-- Dataset extract --
• • • • •
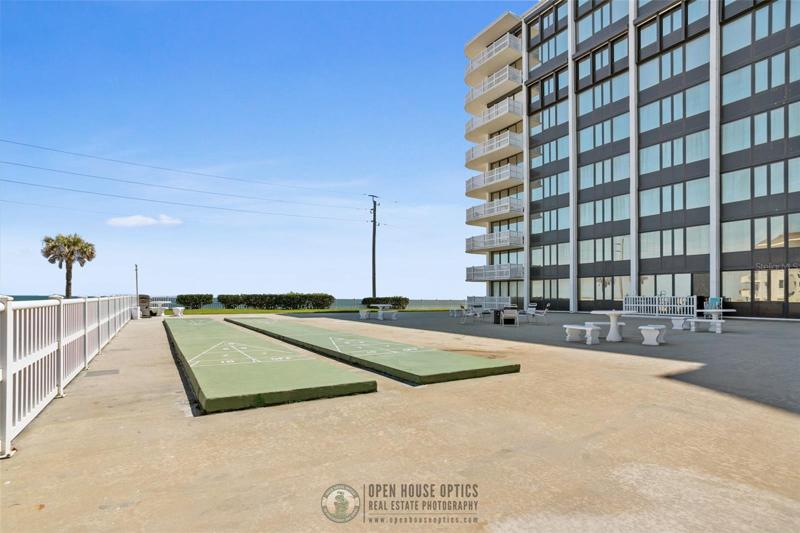 Shuffleboard anyone? Shuffleboard is especially enjoyable while overlooking the Atlantic ocean on this beautiful, pristine community patio.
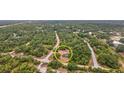 Aerial view showcasing the home's private setting at 5208 Griggs Ave, North Port, FL 34291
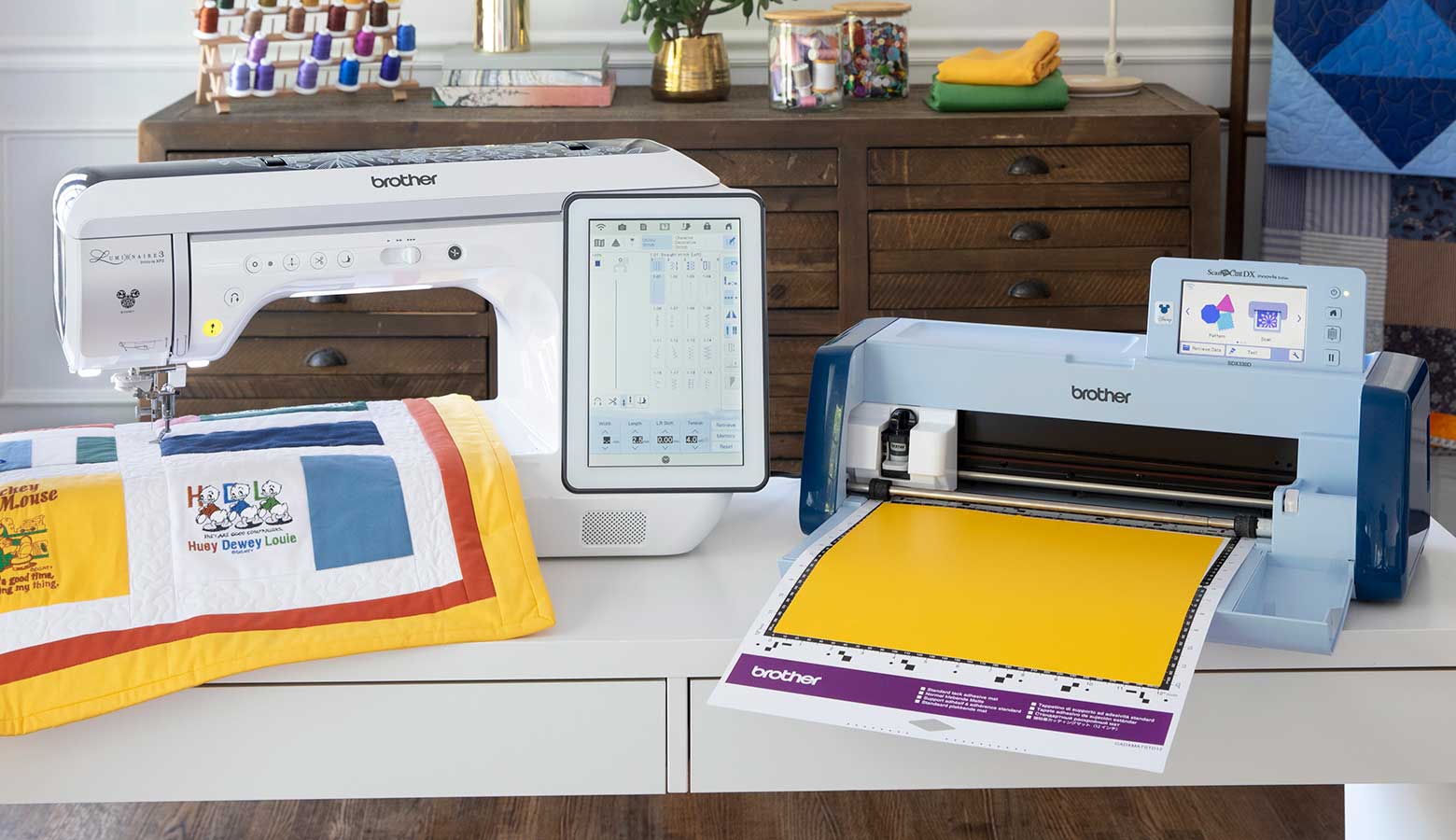 Brother embroidery and ScanNCut machine next to each other on dresser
• • • • •
-- Work to be completed --
Transcribe exactly, and only, the lines from the one with "Aerial view showcasing" through the final line of the data above. The pictures stay out.

-- Task result --
 Aerial view showcasing the home's private setting at 5208 Griggs Ave, North Port, FL 34291
 Brother embroidery and ScanNCut machine next to each other on dresser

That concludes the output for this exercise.